Anthony Robert "Tony" Ortega (June 7, 1928 – October 30, 2022) was an American jazz clarinetist, saxophonist, and flautist.

Early life 
Ortega was born in Los Angeles. He began to play the saxophone at age 14 and studied the instrument under Lloyd Reese. He was heavily-influenced by and introduced to musicians by his cousin, Ray Vasquez.

Career 
In 1947, Ortega played with Earle Spencer. From 1948 to 1951, he served in the United States Army. He became a member of Lionel Hampton's group, which toured Europe; while there he also recorded with Gigi Gryce, Art Farmer, and Milt Buckner, as well as with Norwegian players while in Oslo in 1954. He also met his future wife, pianist and vibraphonist Mona Ørbeck, at the Penguin jazz club in Oslo; they married later that year.
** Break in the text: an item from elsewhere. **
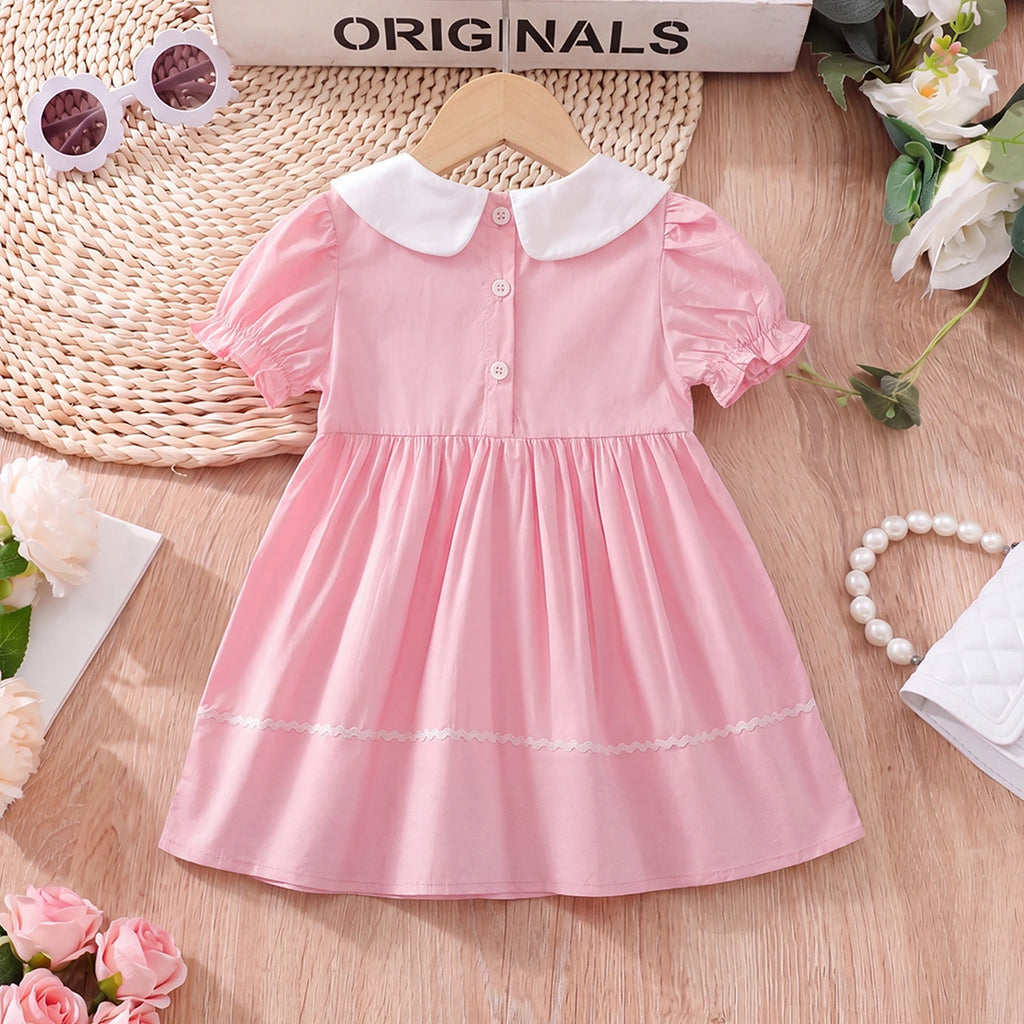 Girls Pink Embroidered Peter Pan Collar Fit & Flare Dress Casual Dresses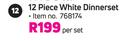 12-Piece White Dinner Set-Per Set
Upon his return to southern California, he put a band together and worked briefly in Los Angeles, but relocated to New York City in 1955, playing with Nat Pierce for two years. In 1958, he returned to Los Angeles, where he worked with Paul Bley, Claude Williamson, and the Lighthouse All Stars.

In the 1960s, he played mostly in the Southwest and California, and worked on film soundtracks such as The Pawnbroker (1964). Ortega recorded the soundtrack for the movie Gloria (1980) starring Gena Rowlands. He can be heard playing throughout the movie with Tommy Tedesco on guitar.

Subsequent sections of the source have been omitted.